The commission is charged with improving health care in the nine-county region stretching from Jefferson to Washington counties.

Commission Chairman Daniel Sisto told the Times on March 3 that he and the group’s members have approached the challenges facing the area with an open mind.

He acknowledged the group’s work was one part of a long-term transition for the region.

“We have to ensure value at the end of the day, and that’s going to take several years of transformations,” Mr. Sisto said. “This isn’t something that’s going to happen overnight.”

Most encouraging, he said, was that some providers have already started moving toward making changes to improve care for patients and their own finances.

He said he was encouraged the commission could evaluate the wide range of data and submit recommendations to the state by the end of March.

The research and analysis done for the commission, Mr. Sisto said, will “serve us well for years ahead.”

That research will be critical, as the region’s healthcare industry has seen a large amount of change recently.

Gouverneur Hospital took over the fiscally insolvent E.J. Noble Hospital in Gouverneur on Jan. 1, and the state Health Department is reviewing a closure plan for Kinney Nursing Home, an affiliated 40-bed facility.

With large financial losses in the horizon, officials at Massena Memorial Hospital are currently considering converting from a municipally owned hospital to a 501(c)(3) not-for-profit organization. Lewis County General Hospital is currently looking to affiliate with other area healthcare providers to improve its finances, while keeping its county ownership.

After nearly closing in October, the North Country Family Health Center has seen a turnaround since then with support from Samaritan Medical Center and multiple infusions of state aid money.

Among those interested in the changes is U.S. Rep. William L. Owens, who has closely followed the group’s proceedings.

One of the biggest challenges for the commisssion, Mr. Owens said, is ensuring that the level of care is at a similar level across the region. However, that can prove difficult due to the disparate needs for the region, and in some areas the long drives necessary to receive care.

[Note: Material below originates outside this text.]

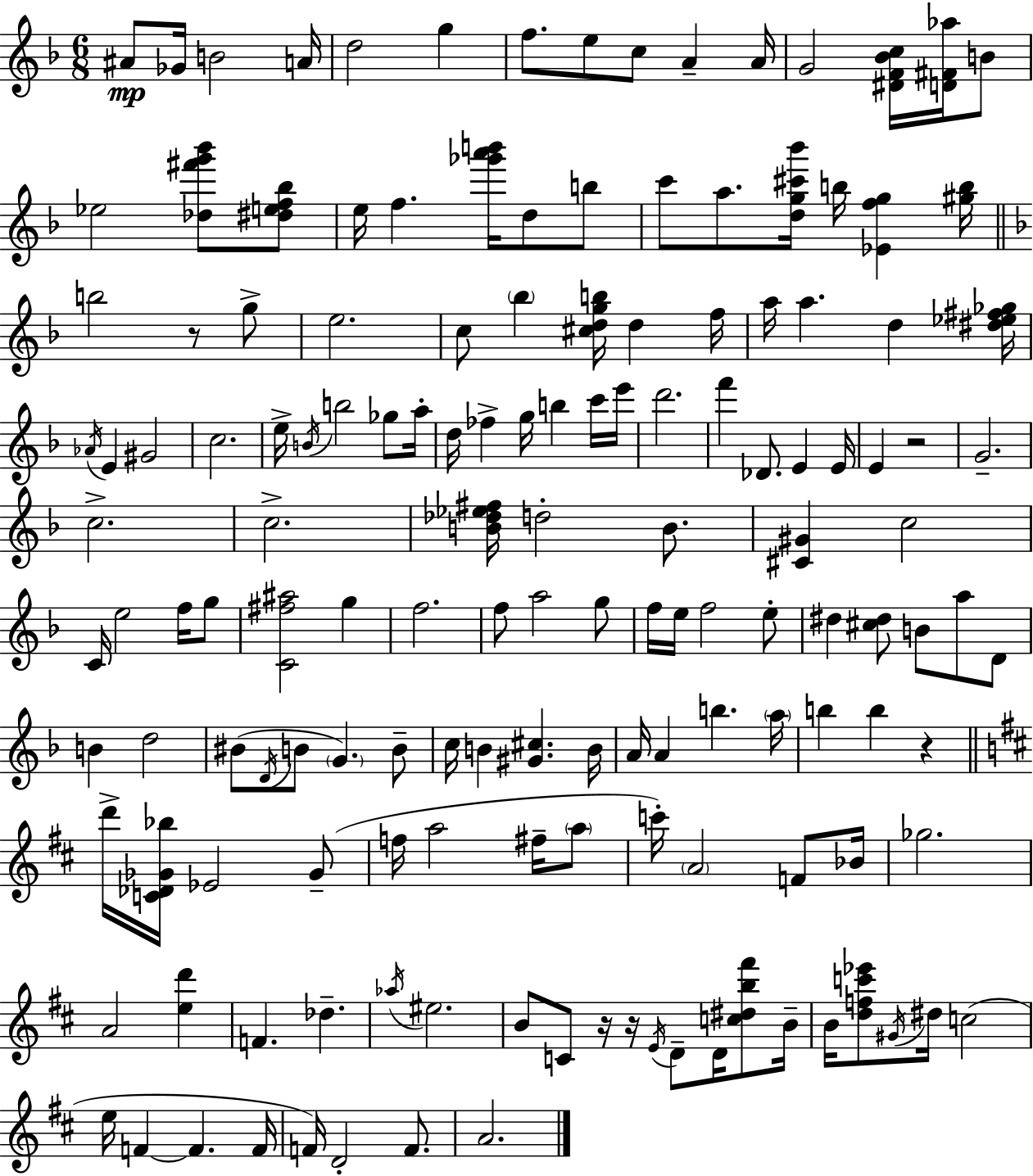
A#4/e Gb4/s B4/h A4/s D5/h G5/q F5/e. E5/e C5/e A4/q A4/s G4/h [D#4,F4,Bb4,C5]/s [D4,F#4,Ab5]/s B4/e Eb5/h [Db5,F#6,G6,Bb6]/e [D#5,E5,F5,Bb5]/e E5/s F5/q. [Gb6,A6,B6]/s D5/e B5/e C6/e A5/e. [D5,G5,C#6,Bb6]/s B5/s [Eb4,F5,G5]/q [G#5,B5]/s B5/h R/e G5/e E5/h. C5/e Bb5/q [C#5,D5,G5,B5]/s D5/q F5/s A5/s A5/q. D5/q [D#5,Eb5,F#5,Gb5]/s Ab4/s E4/q G#4/h C5/h. E5/s B4/s B5/h Gb5/e A5/s D5/s FES5/q G5/s B5/q C6/s E6/s D6/h. F6/q Db4/e. E4/q E4/s E4/q R/h G4/h. C5/h. C5/h. [B4,Db5,Eb5,F#5]/s D5/h B4/e. [C#4,G#4]/q C5/h C4/s E5/h F5/s G5/e [C4,F#5,A#5]/h G5/q F5/h. F5/e A5/h G5/e F5/s E5/s F5/h E5/e D#5/q [C#5,D#5]/e B4/e A5/e D4/e B4/q D5/h BIS4/e D4/s B4/e G4/q. B4/e C5/s B4/q [G#4,C#5]/q. B4/s A4/s A4/q B5/q. A5/s B5/q B5/q R/q D6/s [C4,Db4,Gb4,Bb5]/s Eb4/h Gb4/e F5/s A5/h F#5/s A5/e C6/s A4/h F4/e Bb4/s Gb5/h. A4/h [E5,D6]/q F4/q. Db5/q. Ab5/s EIS5/h. B4/e C4/e R/s R/s E4/s D4/e D4/s [C5,D#5,B5,F#6]/e B4/s B4/s [D5,F5,C6,Eb6]/e G#4/s D#5/s C5/h E5/s F4/q F4/q. F4/s F4/s D4/h F4/e. A4/h.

“I want to make sure we don’t diminish that level of care in small communities,” Mr. Owens said.

Mr. Owens said another challenge is allocating the correct resources that are both affordable to the state and practical for patients.

“That will be difficult to do, but I think if we put the right resources to it, we can be successful.

Though no plans had been finalized when Mr. Owens spoke to the Times in mid-February, he said that telemedicine and cooperation between providers could play a role in the final product.

The group, which met for the final time on Thursday and Friday in Plattsburgh, must submit its recommendations to New York State Health Commissioner Nirav R. Shah by March 31.